• DIRECTIONS FOR THIS TASK
Output, exactly as written, the lines below starting at the line containing "Poster Bolo de" and ending at the line containing "24seven Comfort Apparel". Drop the pictures and keep both end lines.

=-=-=

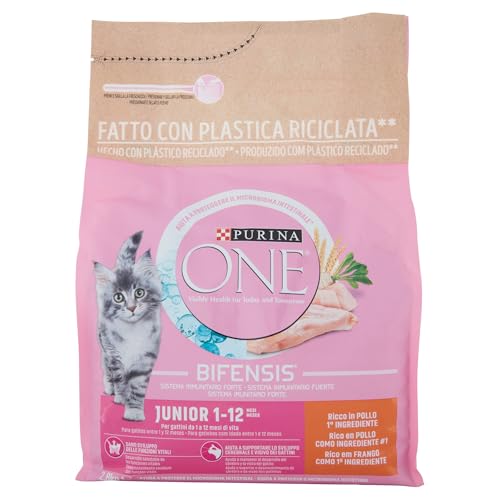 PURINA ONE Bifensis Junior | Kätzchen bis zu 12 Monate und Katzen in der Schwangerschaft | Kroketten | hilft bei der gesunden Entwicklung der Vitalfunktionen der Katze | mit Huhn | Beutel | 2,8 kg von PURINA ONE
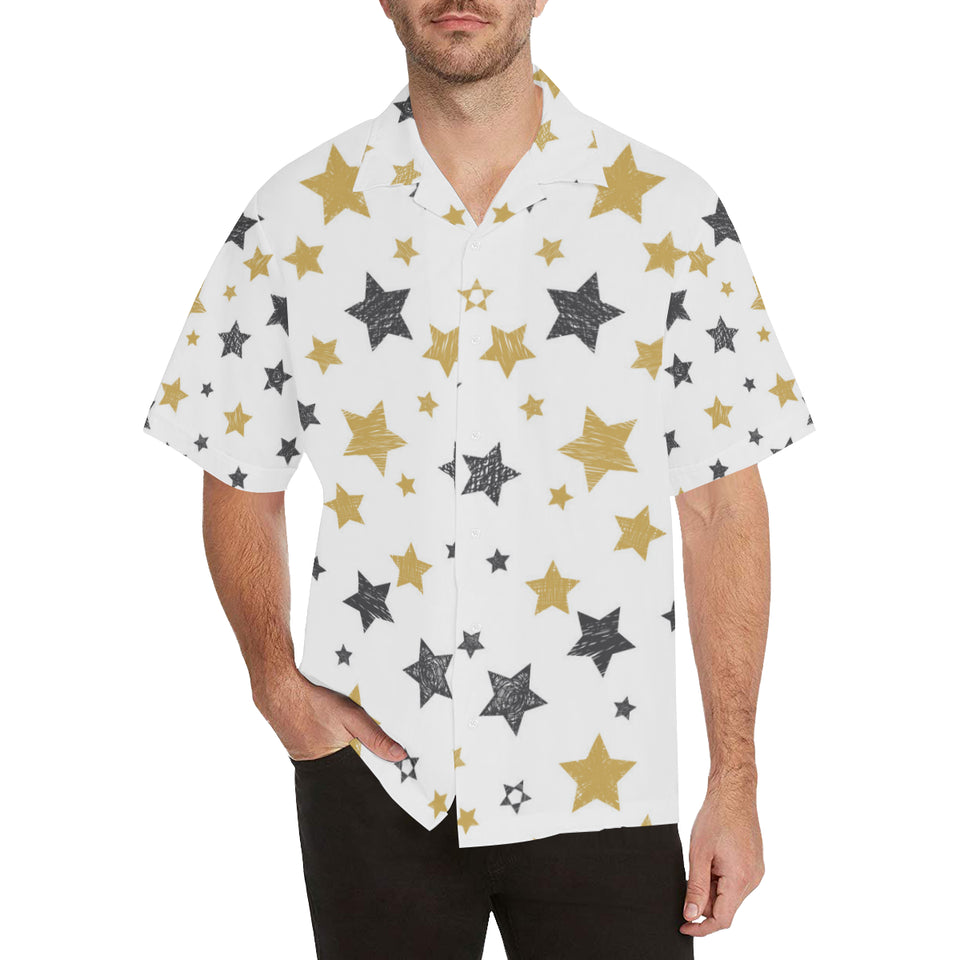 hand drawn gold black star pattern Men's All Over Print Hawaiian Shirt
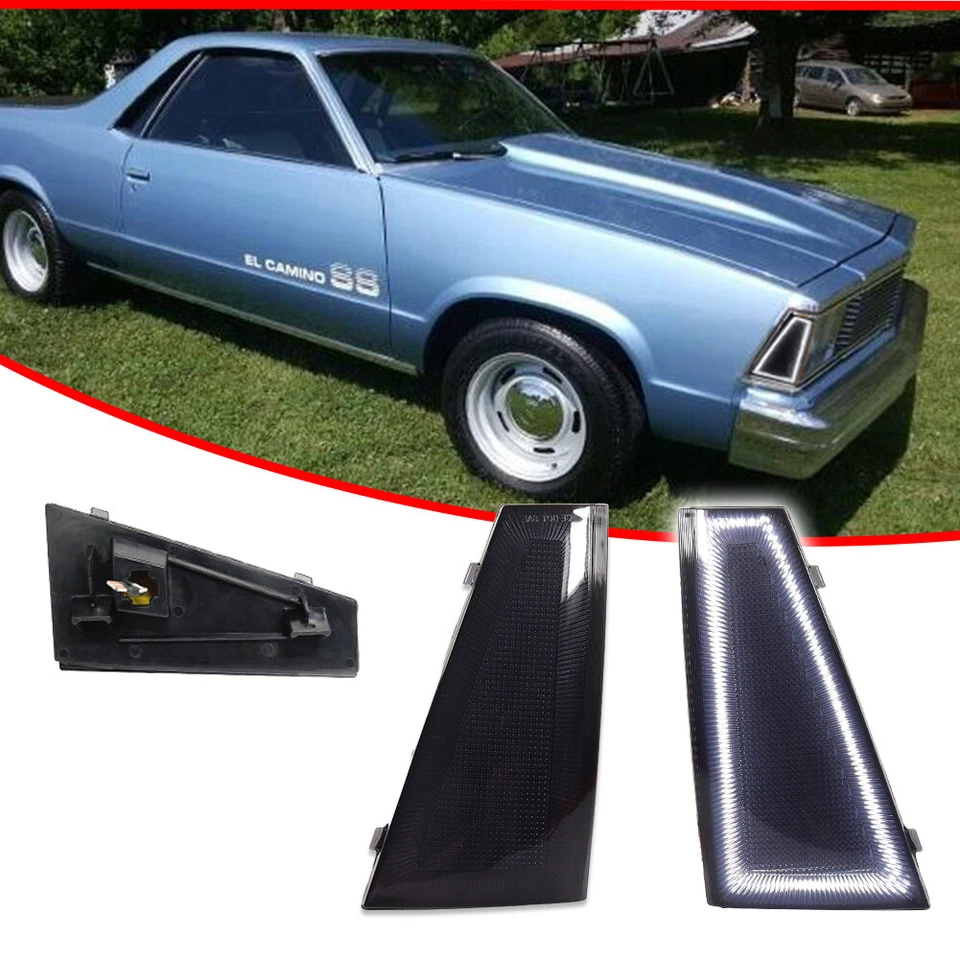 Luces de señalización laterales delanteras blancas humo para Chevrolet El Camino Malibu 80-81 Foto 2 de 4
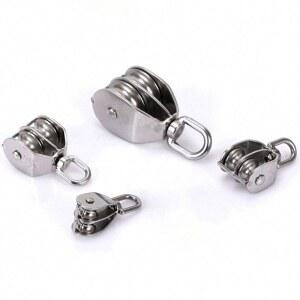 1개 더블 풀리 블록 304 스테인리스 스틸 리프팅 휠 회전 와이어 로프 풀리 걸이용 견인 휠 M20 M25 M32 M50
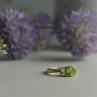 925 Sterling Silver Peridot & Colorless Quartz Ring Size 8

=-=-=

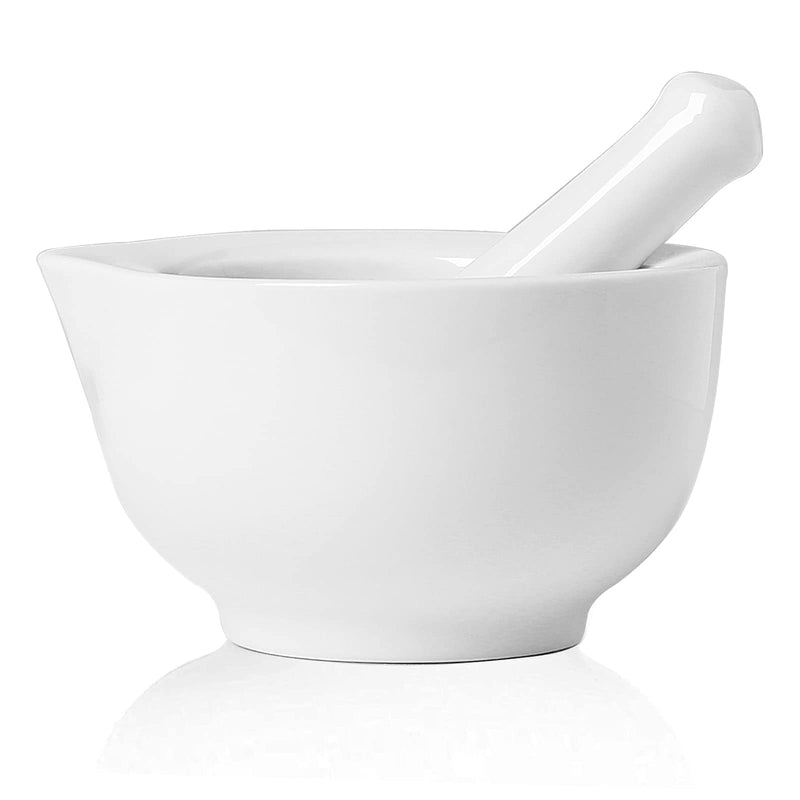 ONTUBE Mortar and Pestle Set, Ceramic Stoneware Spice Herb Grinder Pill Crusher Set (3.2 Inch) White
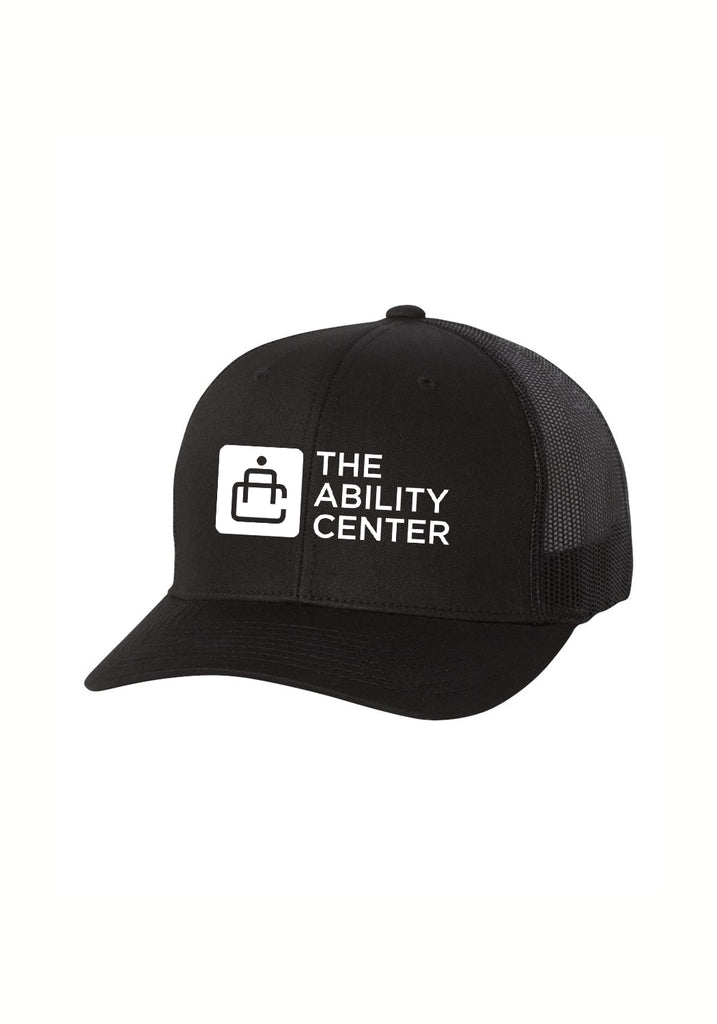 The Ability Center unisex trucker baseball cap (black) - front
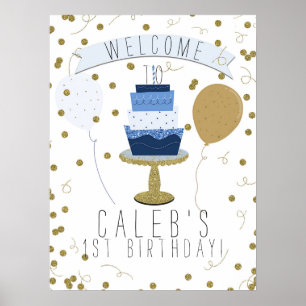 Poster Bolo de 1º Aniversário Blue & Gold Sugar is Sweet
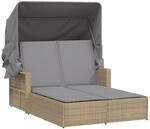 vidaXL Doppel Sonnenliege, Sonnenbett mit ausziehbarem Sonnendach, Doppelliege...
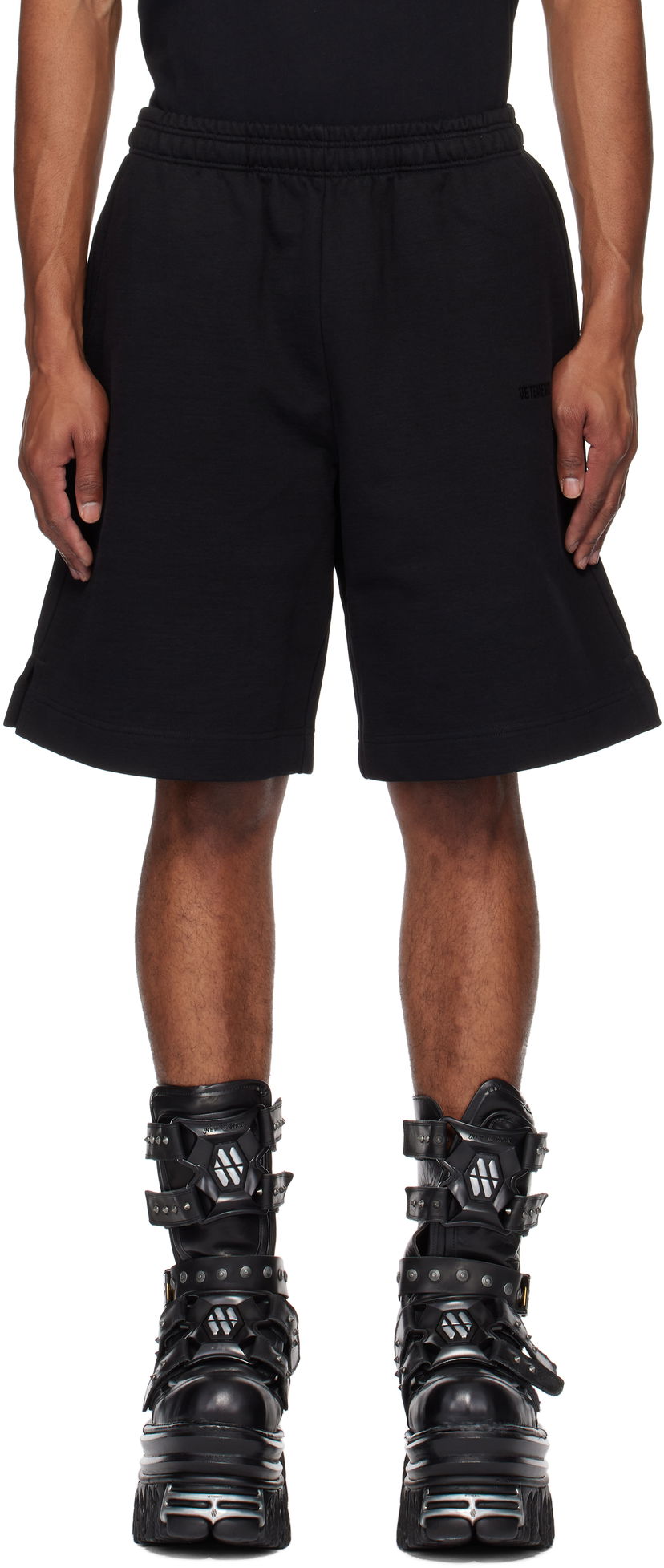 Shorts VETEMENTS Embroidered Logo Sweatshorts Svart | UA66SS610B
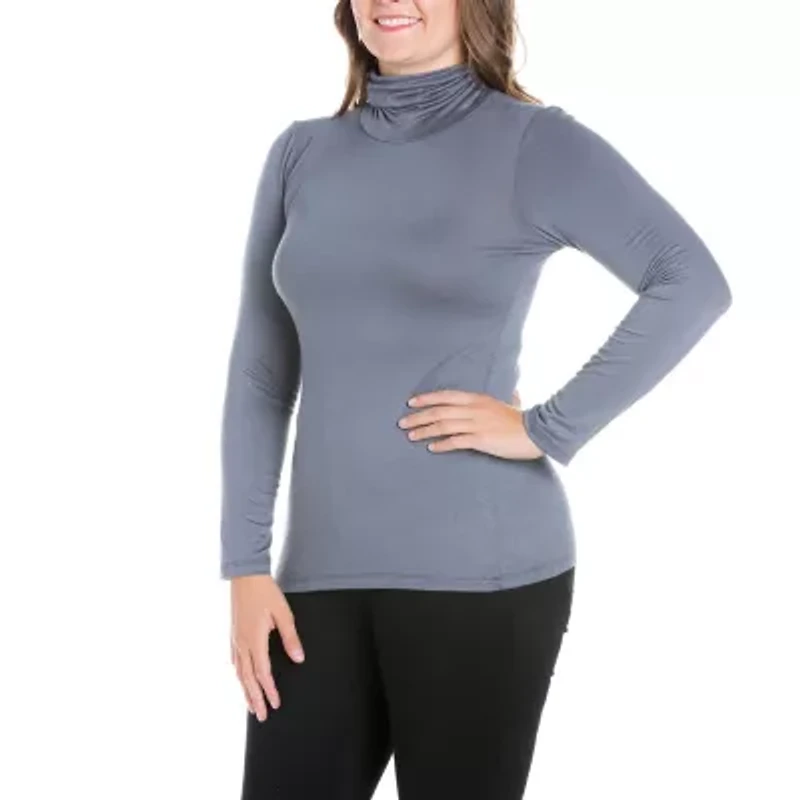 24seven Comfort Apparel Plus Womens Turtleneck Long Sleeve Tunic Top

=-=-=

• TASK SOLUTION
 Poster Bolo de 1º Aniversário Blue & Gold Sugar is Sweet
 vidaXL Doppel Sonnenliege, Sonnenbett mit ausziehbarem Sonnendach, Doppelliege...
 Shorts VETEMENTS Embroidered Logo Sweatshorts Svart | UA66SS610B
 24seven Comfort Apparel Plus Womens Turtleneck Long Sleeve Tunic Top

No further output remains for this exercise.